Picking up right where The Innocent Mage left off, Ms. Miller zips us through an ascension of events that had me feeling I was right at the climax of the book when I still had 200 pages to go - and then carried me through those final 200 pages with aplomb.
Building off of the first book, the characterization in The Awakened Mage does its predecessor one better. Asher is as enjoyable as before, but all the other main characters - Darran, Daphne, Matt, Gar, Willard are fleshed out further and made more whole. We are given a better team of heroes to root for and a more despicable band of sycophants and evildoers to root against.
The dialogue in The Awakened Mage, much like that in The Innocent Mage is well done. As I said in that review, dialogue is one of Ms. Miller's strength. I also said, in my previous review, that her prose is competent. It is a matter of degree, but I think the practice derived from the first resulted in improvement in this, the second.

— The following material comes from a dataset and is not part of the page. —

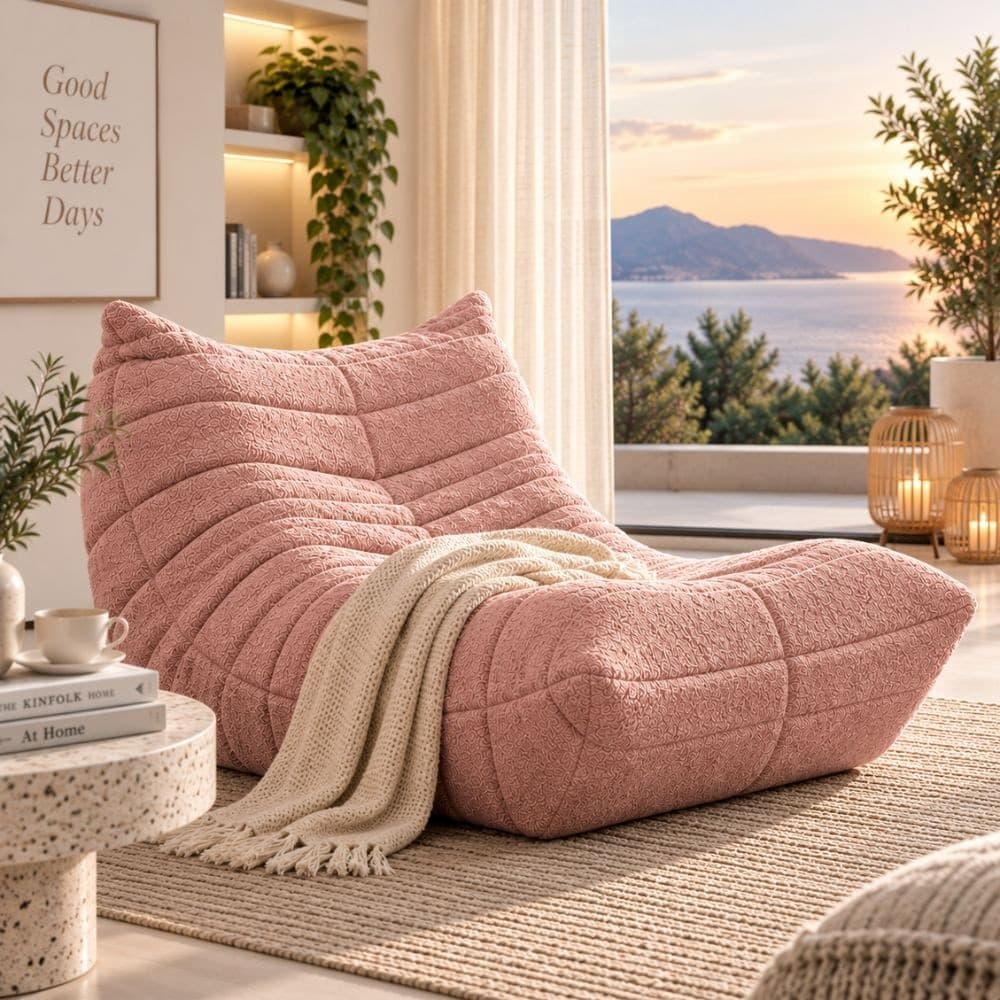 Poltrona Mask in Bouclé Rosa 103 cm - 8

My greatest criticism, however, ultimately does delve into the fact that Ms. Miller is not breaking new ground. To be plain, every character that you think should die, does, and every character the plot demands live lives, and those that could go either way are liberally and arbitrarily either left alive or carelessly killed just to remind us that the world is dangerous. Just as I thought JK Rowlings undoing of the owl Hedwig in her final book was a bit of a copout, so too are some of the deaths that occur in this book. If I take the final demise of one of the more sycophantic characters in the book as an example - Ms. Miller could have as easily kept him alive to suffer the knowledge and humiliation of his actions. This would not only perhaps have been more just for the character - he deserved worse than he got - but also slightly novel for a fantasy genre tale. But no, he got exactly what the norms dictate he should have.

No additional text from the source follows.